23.11.2008

Cast Iron Cookware: There’s Nothing Like It!

Any good cook worth his or her salt, knows that cast iron cookware is superior to most other cookware in so many ways.

If you’re using aluminum or stainless steel pots and pans in your kitchen, get yourself just one good cast iron skillet, and try it out. This will clearly demonstrate the many benefits to you of using cast iron in your kitchen!

3 Reasons to Love Cast Iron Cookware

If you’re considering trying cast iron, or if you have some cast iron cookware that you are not currently using, here are some things to think about.

  1. Cast iron disperses heat evenly. When you cook with cast iron, the “hot” and “cold” spots found on thin aluminum or stainless steel pots are gone.
  2. Cast iron retains its heat. You’ll appreciate the way your cast iron retains its heat long after it’s removed from the heat source. Great to serve from because your food stays hot longer!
  3. Cast iron will outlive other cookware. Quality cast iron cookware will last longer than you!
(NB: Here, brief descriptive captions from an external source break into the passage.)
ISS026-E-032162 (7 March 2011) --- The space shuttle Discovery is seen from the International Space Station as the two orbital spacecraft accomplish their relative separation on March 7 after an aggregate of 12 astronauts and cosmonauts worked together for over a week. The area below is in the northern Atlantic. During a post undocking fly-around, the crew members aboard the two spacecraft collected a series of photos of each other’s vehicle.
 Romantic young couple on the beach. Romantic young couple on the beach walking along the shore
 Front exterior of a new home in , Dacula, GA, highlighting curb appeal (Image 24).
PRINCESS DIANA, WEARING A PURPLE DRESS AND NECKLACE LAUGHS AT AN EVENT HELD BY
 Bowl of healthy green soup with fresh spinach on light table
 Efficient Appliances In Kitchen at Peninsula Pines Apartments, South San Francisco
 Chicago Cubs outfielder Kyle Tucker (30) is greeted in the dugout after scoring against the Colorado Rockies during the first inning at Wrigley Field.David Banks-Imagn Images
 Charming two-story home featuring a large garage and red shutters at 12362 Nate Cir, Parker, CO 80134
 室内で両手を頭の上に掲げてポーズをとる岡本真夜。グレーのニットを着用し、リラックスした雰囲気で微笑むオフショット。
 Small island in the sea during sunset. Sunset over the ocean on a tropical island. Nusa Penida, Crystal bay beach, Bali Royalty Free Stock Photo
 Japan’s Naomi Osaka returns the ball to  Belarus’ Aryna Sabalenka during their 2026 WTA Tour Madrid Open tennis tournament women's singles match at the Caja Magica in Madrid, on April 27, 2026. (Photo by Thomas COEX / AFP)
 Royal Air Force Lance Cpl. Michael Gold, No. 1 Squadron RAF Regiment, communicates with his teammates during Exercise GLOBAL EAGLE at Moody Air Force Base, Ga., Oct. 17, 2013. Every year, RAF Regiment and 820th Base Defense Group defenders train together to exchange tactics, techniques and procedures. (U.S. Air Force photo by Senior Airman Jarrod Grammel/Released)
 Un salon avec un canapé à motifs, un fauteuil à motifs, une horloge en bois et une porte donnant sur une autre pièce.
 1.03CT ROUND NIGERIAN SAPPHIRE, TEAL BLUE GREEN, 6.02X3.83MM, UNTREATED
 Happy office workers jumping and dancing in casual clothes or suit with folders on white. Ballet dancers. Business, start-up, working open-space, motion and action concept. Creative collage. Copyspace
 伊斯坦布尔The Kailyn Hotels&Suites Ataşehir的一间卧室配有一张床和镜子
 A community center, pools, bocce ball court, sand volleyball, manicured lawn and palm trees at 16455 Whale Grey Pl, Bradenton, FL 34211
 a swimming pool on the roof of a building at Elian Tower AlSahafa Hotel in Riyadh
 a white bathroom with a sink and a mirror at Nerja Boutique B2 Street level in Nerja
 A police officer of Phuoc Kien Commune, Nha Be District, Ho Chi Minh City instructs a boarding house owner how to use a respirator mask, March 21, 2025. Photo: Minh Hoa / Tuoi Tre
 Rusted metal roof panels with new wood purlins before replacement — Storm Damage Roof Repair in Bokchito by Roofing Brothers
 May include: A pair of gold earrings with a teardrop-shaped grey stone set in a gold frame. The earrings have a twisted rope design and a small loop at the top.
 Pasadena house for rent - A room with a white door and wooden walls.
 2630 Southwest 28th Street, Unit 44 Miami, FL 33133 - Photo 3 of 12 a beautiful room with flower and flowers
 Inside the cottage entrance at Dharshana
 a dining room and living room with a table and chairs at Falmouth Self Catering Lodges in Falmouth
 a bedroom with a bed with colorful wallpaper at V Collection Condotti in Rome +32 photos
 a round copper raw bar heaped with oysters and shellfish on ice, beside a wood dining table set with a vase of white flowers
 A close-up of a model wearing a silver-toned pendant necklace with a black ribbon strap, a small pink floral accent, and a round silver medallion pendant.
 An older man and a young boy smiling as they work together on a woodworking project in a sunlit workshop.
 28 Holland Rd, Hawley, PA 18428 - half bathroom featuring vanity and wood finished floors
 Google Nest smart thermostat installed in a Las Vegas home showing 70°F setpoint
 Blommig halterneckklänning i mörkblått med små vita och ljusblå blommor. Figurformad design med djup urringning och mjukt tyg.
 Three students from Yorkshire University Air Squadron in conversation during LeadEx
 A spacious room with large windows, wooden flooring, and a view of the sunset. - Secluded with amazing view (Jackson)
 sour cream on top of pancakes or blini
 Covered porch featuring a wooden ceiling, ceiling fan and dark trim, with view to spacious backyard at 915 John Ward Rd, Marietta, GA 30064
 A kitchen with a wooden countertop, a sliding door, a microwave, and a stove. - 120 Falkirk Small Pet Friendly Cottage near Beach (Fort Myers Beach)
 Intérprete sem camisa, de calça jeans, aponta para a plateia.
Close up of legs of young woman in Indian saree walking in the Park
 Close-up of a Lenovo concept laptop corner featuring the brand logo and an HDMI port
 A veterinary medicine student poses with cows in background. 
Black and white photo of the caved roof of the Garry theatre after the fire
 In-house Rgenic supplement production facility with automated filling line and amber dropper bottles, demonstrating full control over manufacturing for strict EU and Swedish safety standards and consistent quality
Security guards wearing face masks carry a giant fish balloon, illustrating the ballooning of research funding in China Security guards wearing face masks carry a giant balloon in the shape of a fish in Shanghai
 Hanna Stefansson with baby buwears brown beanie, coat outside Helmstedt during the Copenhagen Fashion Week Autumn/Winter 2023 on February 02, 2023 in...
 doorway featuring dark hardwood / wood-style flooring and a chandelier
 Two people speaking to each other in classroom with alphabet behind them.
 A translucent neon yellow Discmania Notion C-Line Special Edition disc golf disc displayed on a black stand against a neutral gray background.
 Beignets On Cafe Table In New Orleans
In fact it’s very likely your grandchildren will pass it on to their kids. If your cast iron is well cared for, it will last for generations.

How to care for your cast iron cookware

Whether you inherit cast iron cookware or buy it new, a few simple pointers will ensure your cookware serves you well now and can be passed on to the next generation.

Season it!

Well seasoned cast iron is the best “non-stick” cookware you could ever wish for! And it’s really quite simple. If you have new cast iron that is not preseasoned (much of it now comes seasonsed) or you have old cast iron that needs “restoration”, here are the steps to create a long-lasting, non-stick cooking surface:

  1. Start with ” clean” cookware. In this case, clean means free of any coasting that may have been applied by the manufacturer. If you have old cast iron, ensure it is free of rust. A palm sander with a medium grit disk is ideal for cleaning the surface.
  2. Use lard to season the surface. Using enough to cover the surface to about 1/8 of an inch, place the pan in the oven at 300°F and bake for a couple of hours. Then pour off the excess lard. After the pan cools, wipe it clean with a paper towel. Repeat this process one or two times for best results. It’s best initially to use the pan for some oil or fat dishes after seasoning.
  3. After each use, let the pan cool then simply wipe it with a paper towel, or, if some food is stuck to the pan, soak it just long enough to loosen the food, then wipe the pan. Avoid the use of detergents or scouring pads as these will remove the seasoned surface.

If your cast iron won’t be used for a long period of time, it’s a good idea to wipe it with a thin coat of a stable oil such as olive oil to help keep moisture, and therefore rust, at bay.

One word of caution: because cast iron is such a good conductor of heat, handles get extremely hot. Keep some good potholders handy and be sure to use them!